Solution:

In parallelogram ABCD, AB = CD, BC = AD

Draw perpendiculars from C and D on AB as shown.

In right angled ΔAEC, AC^{2} = AE^{2} + CE^{2} [By Pythagoras theorem]

⇒ AC^{2} = (AB + BE)^{2} + CE^{2}

⇒ AC^{2} = AB^{2} + BE^{2} + 2 AB × BE + CE^{2} → (1)

From the figure CD = EF (Since CDFE is a rectangle)

But CD= AB

⇒ AB = CD = EF

Also CE = DF (Distance between two parallel lines)

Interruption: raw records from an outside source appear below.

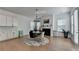 Bright dining area features hardwood floors, a modern chandelier, and a cozy fireplace, creating a welcoming ambiance at 4409 Encore Park Lane, Duluth, GA 30097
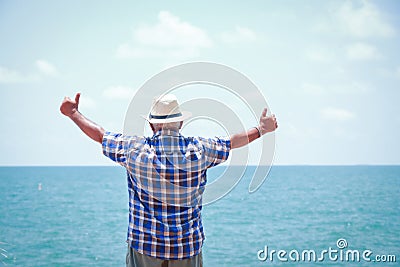 Old men go to the beach to relax Stock Photo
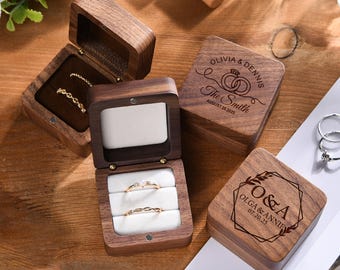 May include: Wooden ring boxes, some open to display gold rings with intricate designs and a diamond. The boxes are engraved with names and dates, perfect for weddings or anniversaries. The boxes are made of dark wood.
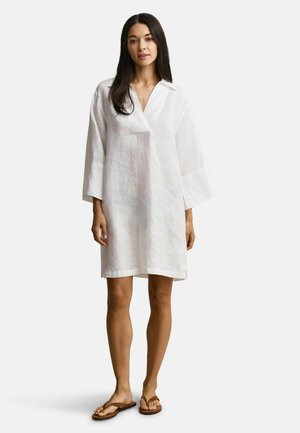 Femme aux longs cheveux noirs portant une robe blanche ample mi-longue avec des manches larges et des sandales plates marron, debout sur un fond uni.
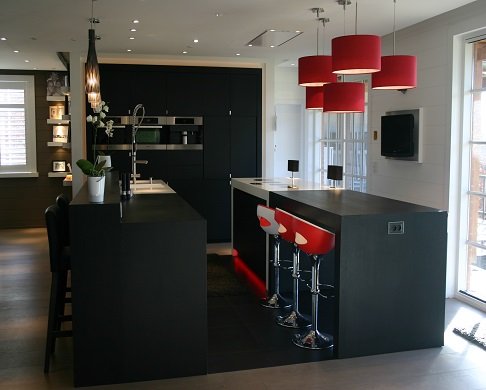 Cuisine ouverte en chêne teinté noir avec bar, tabourets rouges et suspensions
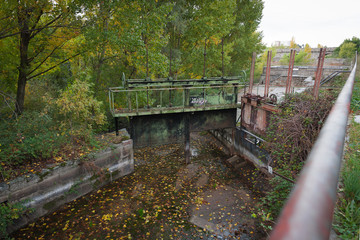 Old dam gates with remnants of tree leaves.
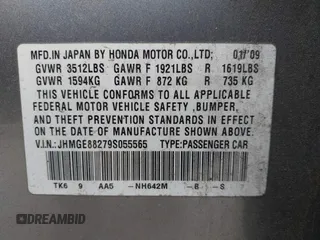 2009 Honda Fit with VIN JHMGE88279S055565, listed as a IAAI auction lot 41896359 with 184,618 mi miles. Bid and sale history available at carsss.com. Image 9.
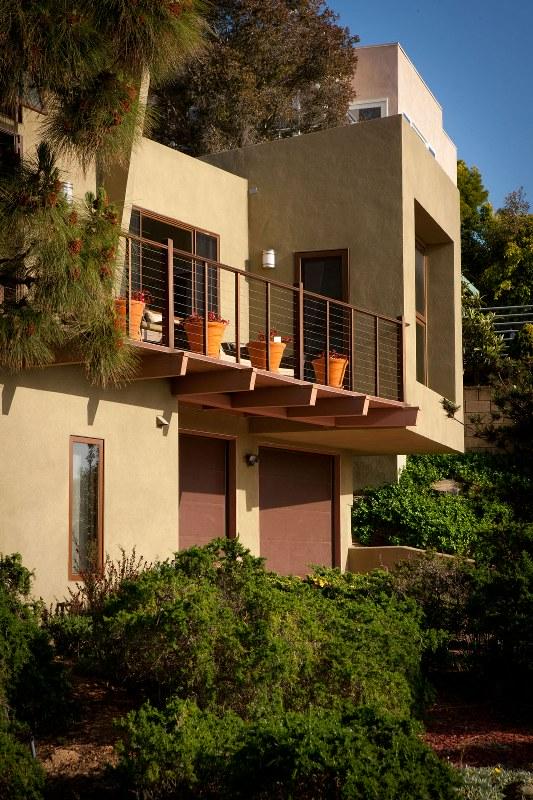 A house featuring a balcony with a decorative railing, showcasing a charming architectural design.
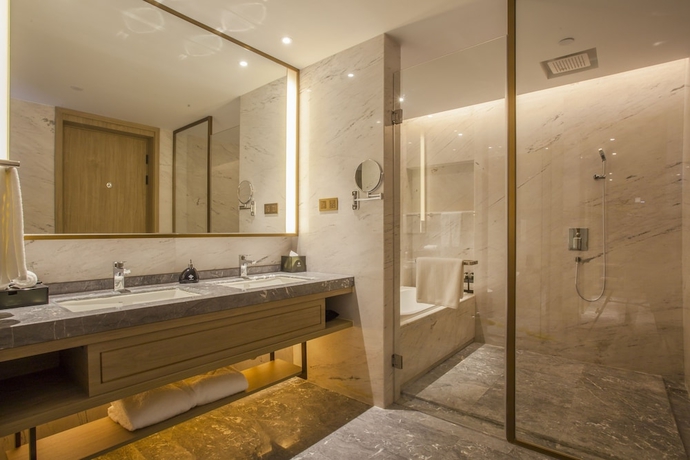 Imagen de la habitación del Hotel Aosheng Yiho. Foto 8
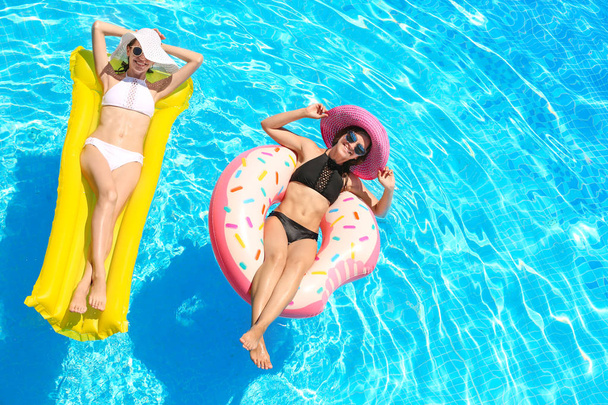 Beautiful young girls with inflatable donut and mattress in blue swimming pool - Foto, immagini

ΔAFD ≅ ΔBEC (RHS congruence rule)

⇒ AF = BE

Consider right angled ΔDFB

BD^{2} = BF^{2} + DF^{2} [By Pythagoras theorem]

= (EF – BE)^{2} + CE^{2} [Since DF = CE]

= (AB – BE)^{2} + CE^{2} [Since EF = AB]

⇒ BD^{2} = AB^{2} + BE^{2} – 2 AB × BE + CE^{2} → (2)

Add (1) and (2), we get

AC^{2} + BD^{2} = (AB^{2} + BE^{2} + 2 AB × BE + CE^{2}) + (AB^{2} + BE^{2} – 2 AB × BE + CE^{2})

= 2AB^{2} + 2BE^{2} + 2CE^{2}

AC^{2} + BD^{2} = 2AB^{2} + 2(BE^{2} + CE^{2}) → (3)

From right angled ΔBEC, BC^{2} = BE^{2} + CE^{2} [By Pythagoras theorem]

Hence equation (3) becomes,

AC^{2} + BD^{2} = 2AB^{2} + 2BC^{2}

= AB^{2} + AB^{2} + BC^{2} + BC^{2}

= AB^{2} + CD^{2} + BC^{2} + AD^{2}

∴ AC^{2} + BD^{2} = AB^{2} + BC^{2} + CD^{2} + AD^{2}

Thus the sum of the squares of the diagonals of a parallelogram is equal to the sum of the squares of its sides.